Untuk ruang yang sangat sempit, penumpukan mesin cuci dan pengering secara vertikal juga menjadi pilihan cerdas. Cara ini memanfaatkan bidang atas yang sering tidak digunakan secara optimal.
Ketahanan material dan perawatan yang rendah
Karena berada di luar ruangan, area laundry menuntut material yang tahan terhadap udara lembap, panas, dan perubahan cuaca. Rotan sintetis, aluminium, serta kayu dengan lapisan pelindung anti air dinilai cocok untuk kebutuhan itu.
Engineered stone juga relevan karena tahan panas, gores, dan noda. Pilihan material yang awet sejalan dengan tren “beli sekali, pakai lama” yang semakin kuat pada bahan bangunan dan interior.

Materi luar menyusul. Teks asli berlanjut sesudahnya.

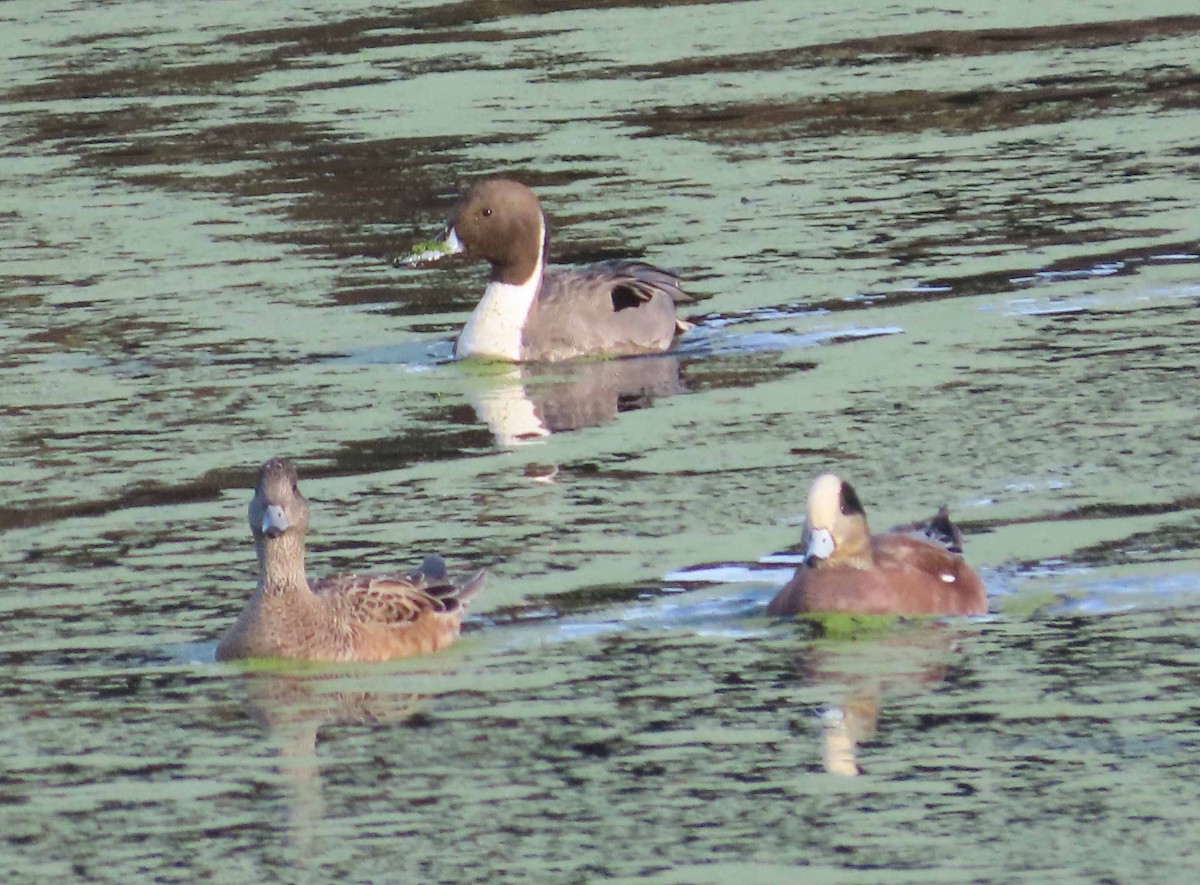 Northern Pintail - ML646553060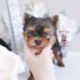 Teacup Puppies #198 Yorkie Puppy for sale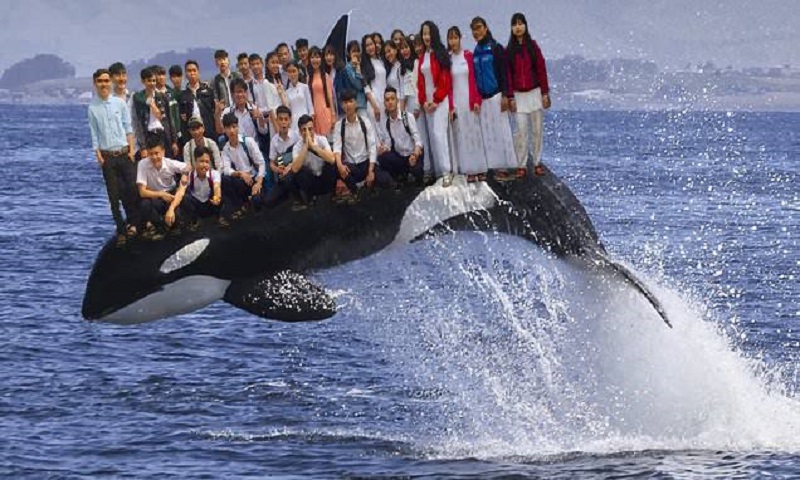 Phát sốt với trào lưu đưa lớp học đi muôn nơi của teen Việt-23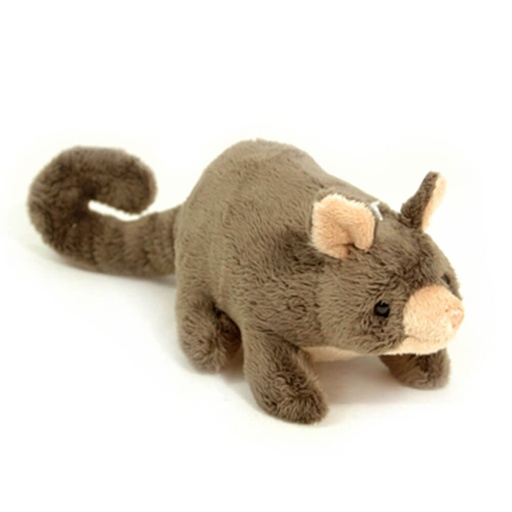 [CA1J3P01] Jumbuck 32cm Possum Plush Toy
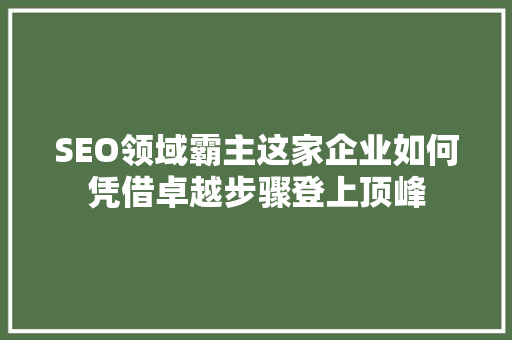 SEO领域霸主这家企业如何凭借卓越步骤登上顶峰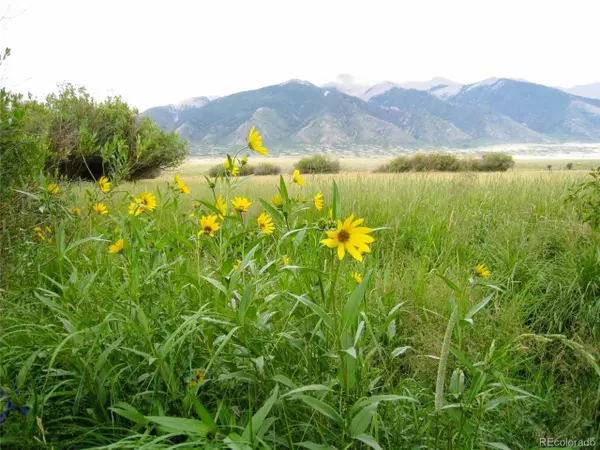 Villa Grove, CO 81155,0 TBD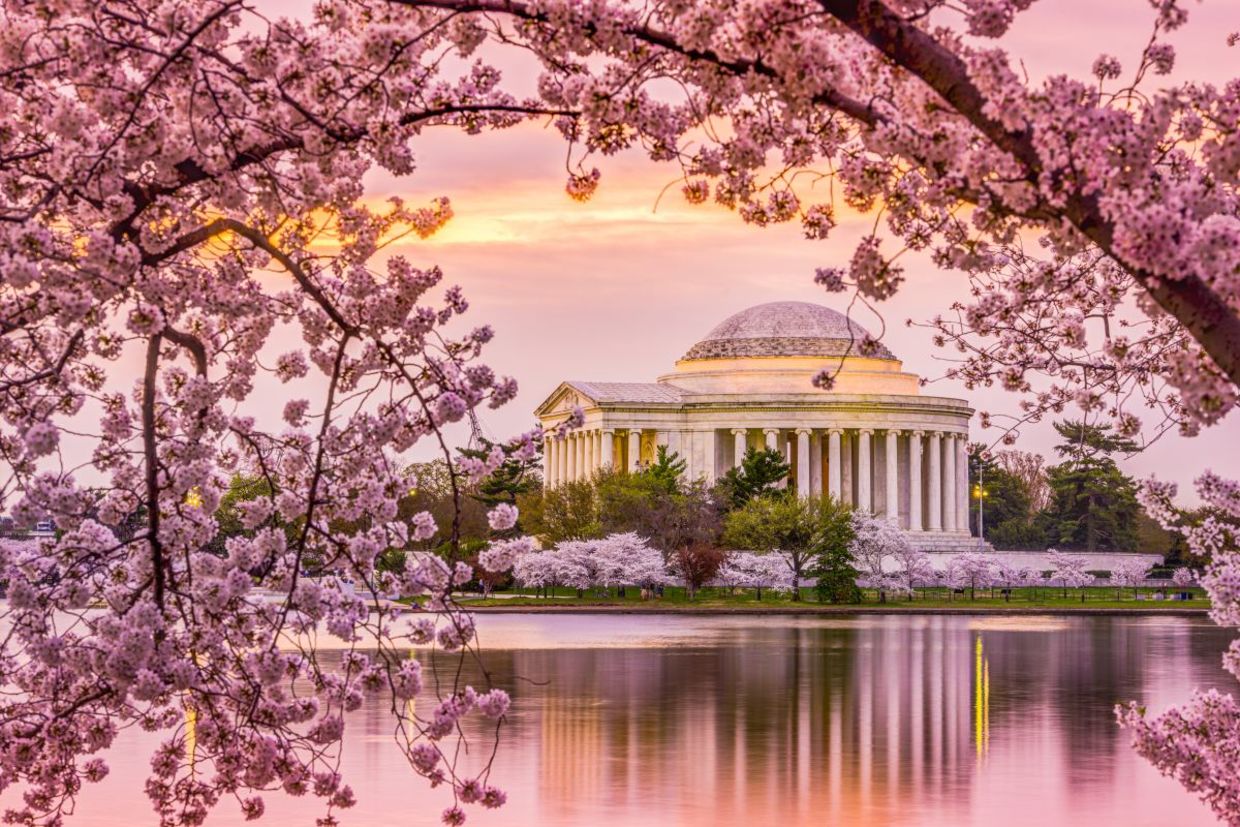 Cherry blossoms in Washington DC. Cherry blossoms in Washington DC.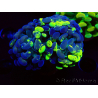 WYSIWYG Euphyllia paraancora (Mariculture acclimaté sous LED) 4F2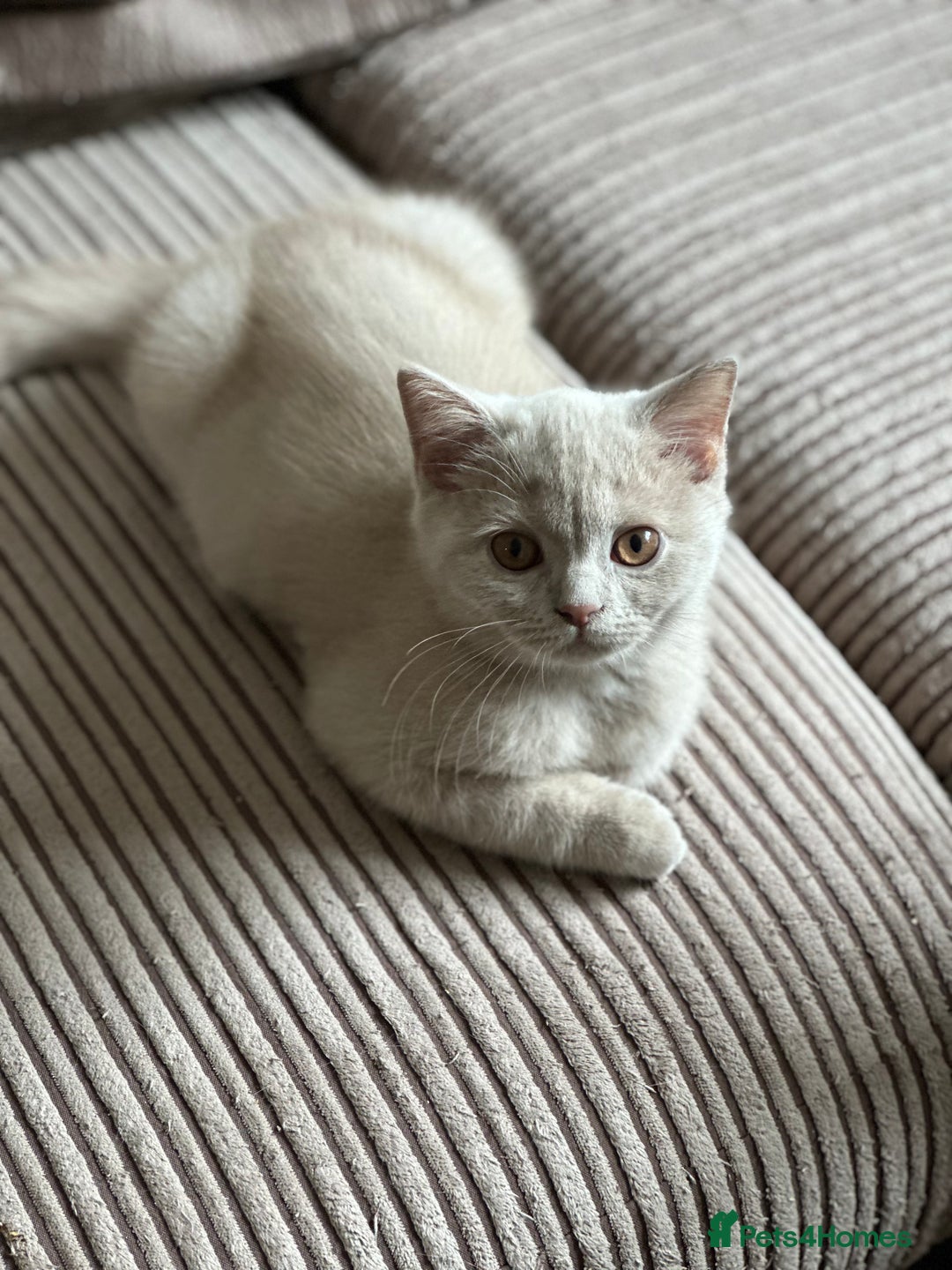 British Shorthair cats for sale: Exc   champion line - Image 25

Tampilan minimalis tetap punya tempat
Selain fungsional, sisi estetika juga ikut diperhatikan. Jemuran tidak lagi selalu disembunyikan, melainkan diintegrasikan ke dalam lanskap agar selaras dengan desain rumah secara keseluruhan.
Untuk ruang yang kecil, pendekatan minimalis tetap dominan. Kesederhanaan, organisasi yang rapi, dan tampilan yang tidak berantakan membuat area laundry tetap efisien sekaligus enak dipandang.